I will be happy to check these for you, please show your thinking.
I think I have a little idea on Q.a) only.
F = ma
= 550 x 25
=13750N
so acceleration is
a = v - u/t
=25 - 0/30
=0.83 ms^-2
that's all i know. I don't know about Q.b and Q.c.
To find the answers to the given questions, we need to use the equations of motion and the concepts of force and acceleration.
a) What is its acceleration?
Acceleration (a) is the rate of change of velocity. We can calculate it using the equation:
a = (v - u) / t
where:
- a is the acceleration,
- v is the final velocity (25 m/s in this case),
- u is the initial velocity (0 m/s since the car starts from rest),
- t is the time taken (30 seconds).
Substituting the given values into the equation:
a = (25 m/s - 0 m/s) / 30 s
a = 25 m/s / 30 s
a ≈ 0.833 m/s²
Therefore, the acceleration of the car is approximately 0.833 m/s².
b) What resultant force produces this acceleration?
According to Newton's second law of motion, the force acting on an object is equal to its mass multiplied by its acceleration. The equation for force (F) is given by:
F = m * a
where:
- F is the resultant force,
- m is the mass of the object (550 kg),
- a is the acceleration (0.833 m/s²).
Substituting the given values into the equation:
F = 550 kg * 0.833 m/s²
F ≈ 457.15 N
Therefore, the resultant force producing this acceleration is approximately 457.15 N.
c) The actual force will be greater, why?

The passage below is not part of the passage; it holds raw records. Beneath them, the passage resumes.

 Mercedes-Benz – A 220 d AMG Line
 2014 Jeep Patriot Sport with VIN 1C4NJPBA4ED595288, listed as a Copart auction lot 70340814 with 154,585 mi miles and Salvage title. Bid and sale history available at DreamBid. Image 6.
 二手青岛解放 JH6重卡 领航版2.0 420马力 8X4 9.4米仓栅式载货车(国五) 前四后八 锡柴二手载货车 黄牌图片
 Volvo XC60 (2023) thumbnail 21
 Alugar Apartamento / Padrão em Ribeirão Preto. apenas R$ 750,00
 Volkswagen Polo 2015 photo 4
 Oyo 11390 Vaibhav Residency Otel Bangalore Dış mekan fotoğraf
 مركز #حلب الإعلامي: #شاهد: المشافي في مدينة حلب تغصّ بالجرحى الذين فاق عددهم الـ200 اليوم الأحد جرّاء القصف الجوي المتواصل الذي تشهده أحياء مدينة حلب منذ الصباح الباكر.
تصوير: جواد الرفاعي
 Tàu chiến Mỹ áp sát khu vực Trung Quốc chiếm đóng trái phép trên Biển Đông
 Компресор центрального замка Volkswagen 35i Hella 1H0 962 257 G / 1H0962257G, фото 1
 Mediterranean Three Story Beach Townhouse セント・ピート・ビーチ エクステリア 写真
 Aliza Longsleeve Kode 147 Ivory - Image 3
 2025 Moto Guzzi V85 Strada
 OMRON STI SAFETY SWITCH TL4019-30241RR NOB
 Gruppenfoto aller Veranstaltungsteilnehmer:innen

The actual force experienced by the car will be greater than 457.15 N because there are other forces acting on the car, such as friction and air resistance. These forces oppose the motion of the car and need to be overcome by a greater force to produce the acceleration mentioned earlier. Therefore, the actual force required will take into account the additional forces acting on the car.